“We never say what we are playing before,” said Dino English, a drummer for the Dark Star Orchestra and a self-proclaimed Dead Head.
Sometimes the band plays its own material, sometimes it plays more exact replicas of Grateful Dead concerts. Both are psychedelic, guitar-driven rock.
“It is a guessing game,” English said. “It’s part of the fun.”
The Dark Star Orchestra has been recreating the Grateful Dead experience since its first gig, Nov. 11, 1997, at an old club in Chicago called Martyrs’. Tonight, Dark Star Orchestra will take the stage at the Knitting Factory at 8 p.m. for an all-ages show.

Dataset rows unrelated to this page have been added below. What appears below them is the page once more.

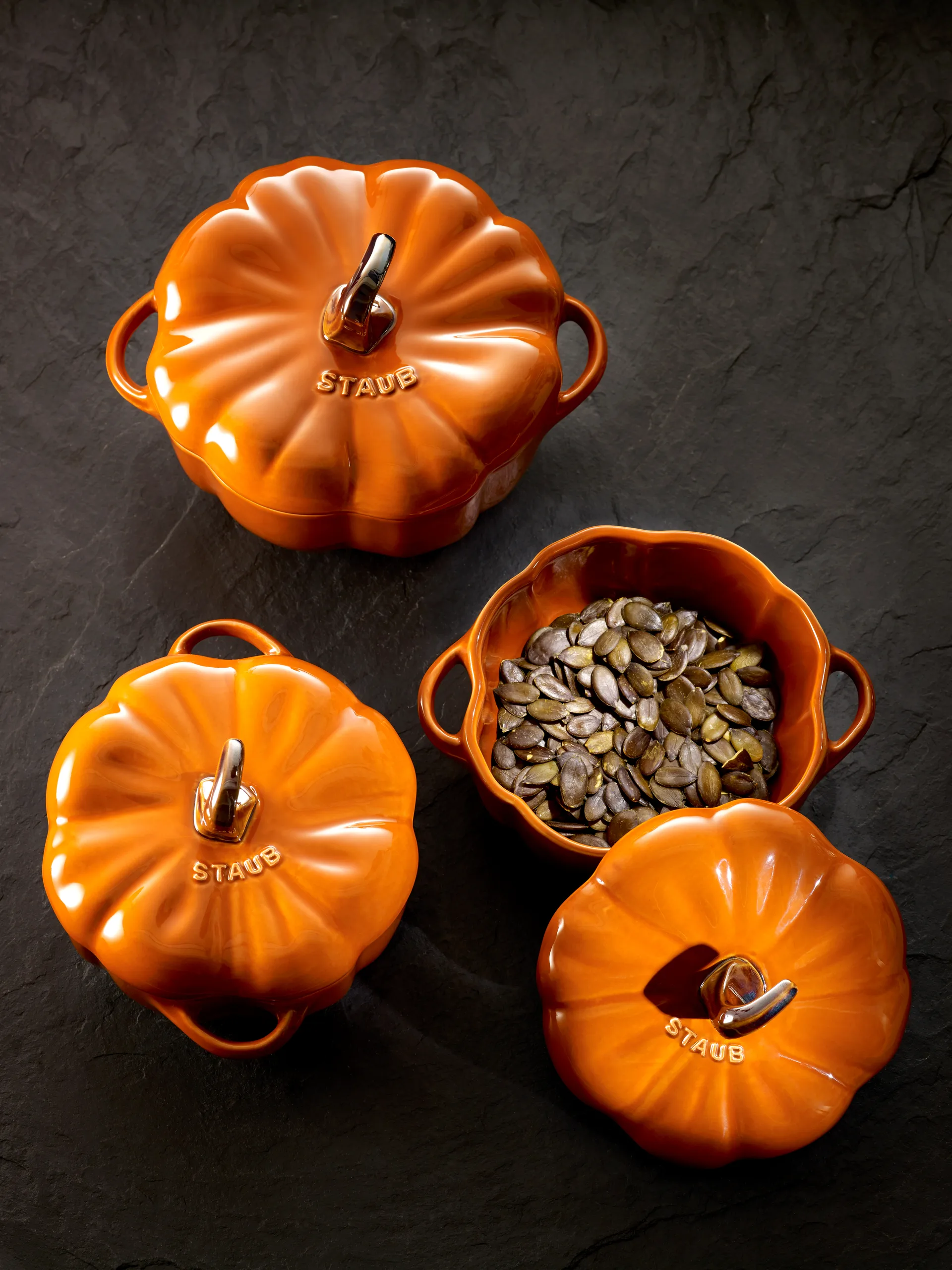 Staub pumpkin casserole dish stoneware, 0,47 l Cinnamon STAUB
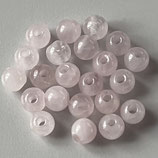 Mineralien·Perlen (5) - Rosenquarz glatt - ~8mm (890787·2)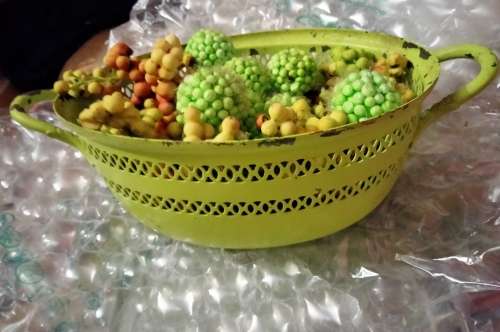DISH - hand painted Walker+ Hall A1 Silver Plated English Dish +including fauna decor bit`s inside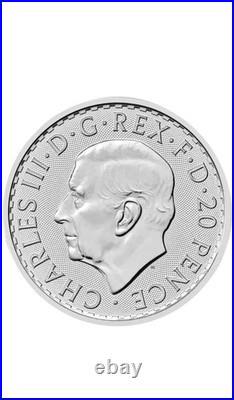 Full tube of 16 x 2026 1/10 oz ounce Solid Silver Britannia Coin. 999 Pure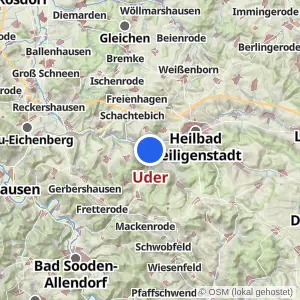 Kartenvorschau Uder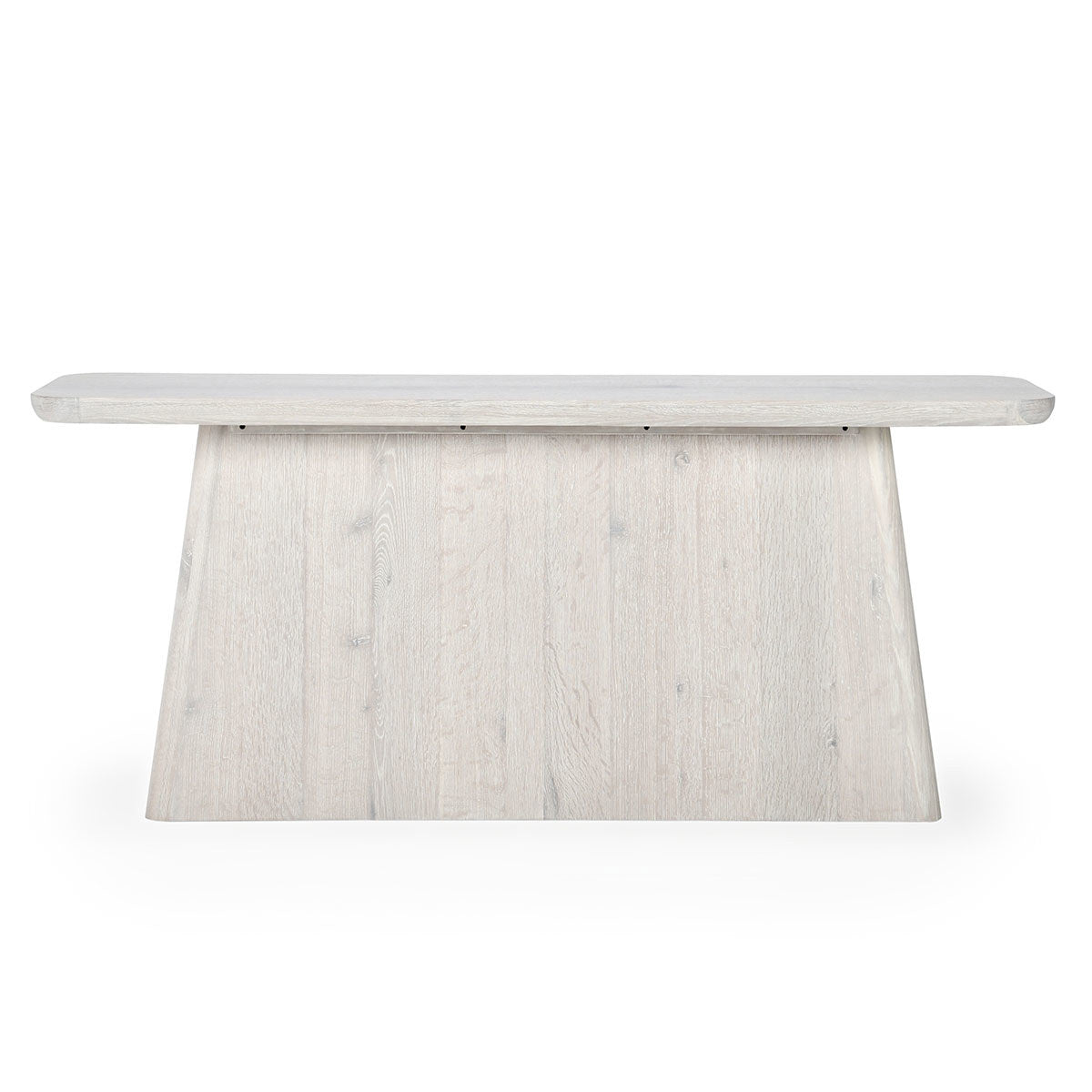 Orlando Rectangle Console Table - Milk White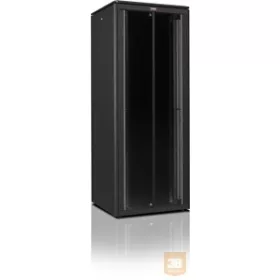   LANDE LN-FS22U8080-BL-111 DYNAmic 22U 800x800 álló rack szekrény 19" RAL9005 fekete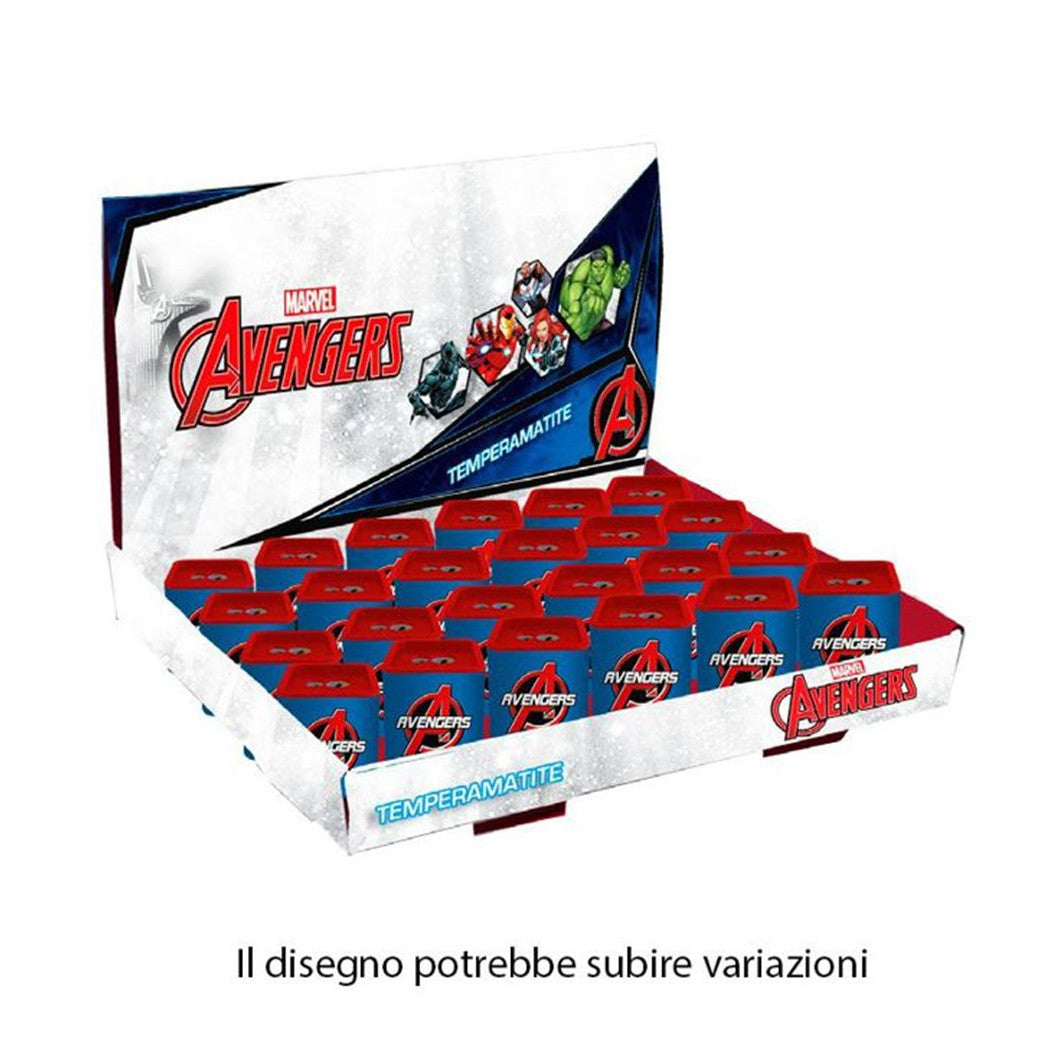24 stück Bleistiftspitzer Square Doppelloch Avengers Kinder 961372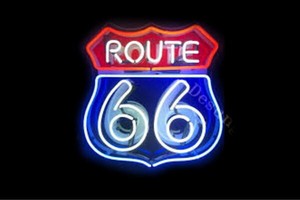 【ネオン】ルート66【ROUTE 66】【道路】【国道】【アメリカ】【道】【バー】【BAR】【カフェ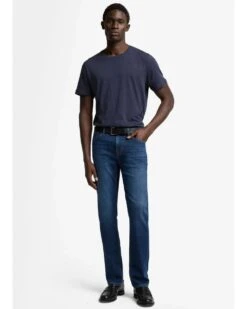 7 For All Mankind Mens Grapevine Slimmy Luxe Performance Jeans Mid Blue -Repertoire Fashion Store 7 for all mankind mens grapevine slimmy luxe performance jeans mid blue p46797 317504 image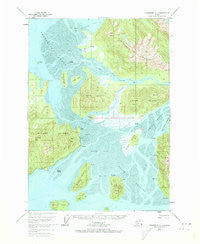 Petersburg C-2 Alaska Historical topographic map, 1:63360 scale, 15 X 15 Minute, Year 1951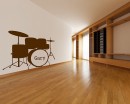 Drum Kit Customized Name Vinyl Decal Nursery Sticker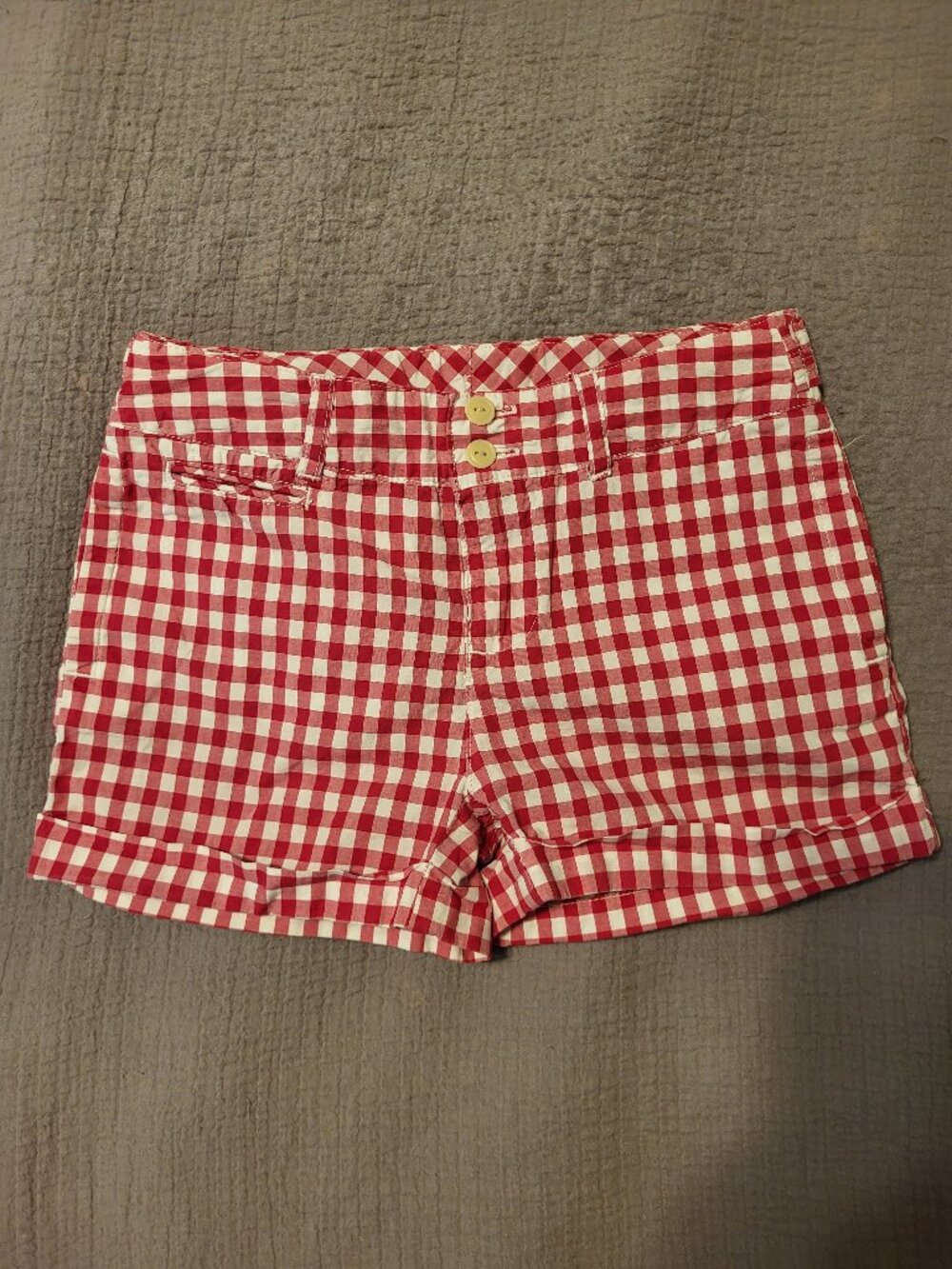 Ralph Lauren girls gingham shorts. Size 6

What fans will experience is up to them.
“No two Dead Heads can agree on exactly what the Grateful Dead experience is,” English said. “What does seem to be present is something that some people call the X factor. ‘It’ happening. Something happens at these shows that got everybody on the same wavelength all at once.”
English and his fellow band members have been recreating the Grateful Dead experience one concert at a time, passing the 1,800 shows mark in 2009.
“Over the years everything has changed here and there,” English said. “Basically we are here to keep the music alive and going into the future.”
Just like the original Grateful Dead, the Dark Star Orchestra has evolved over the years. However, some of their on-stage evolution has been done purposefully to match the Grateful Dead’s changing sounds.
“We follow the style of the time,” English said. “Some songs were faster in some years, other years they were slower. The organ we pull out for the ‘80s shows. … Play the song in the style of the arrangement they did for that certain show.”
At its show in Ashland, Ore. Tuesday, for example, the band played a set from the Dead’s Dec. 6, 1973, show, which was in Cleveland. By contrast, Dark Star’s set list just a week earlier on April 14 was all original material. You just never know what you’re going to get.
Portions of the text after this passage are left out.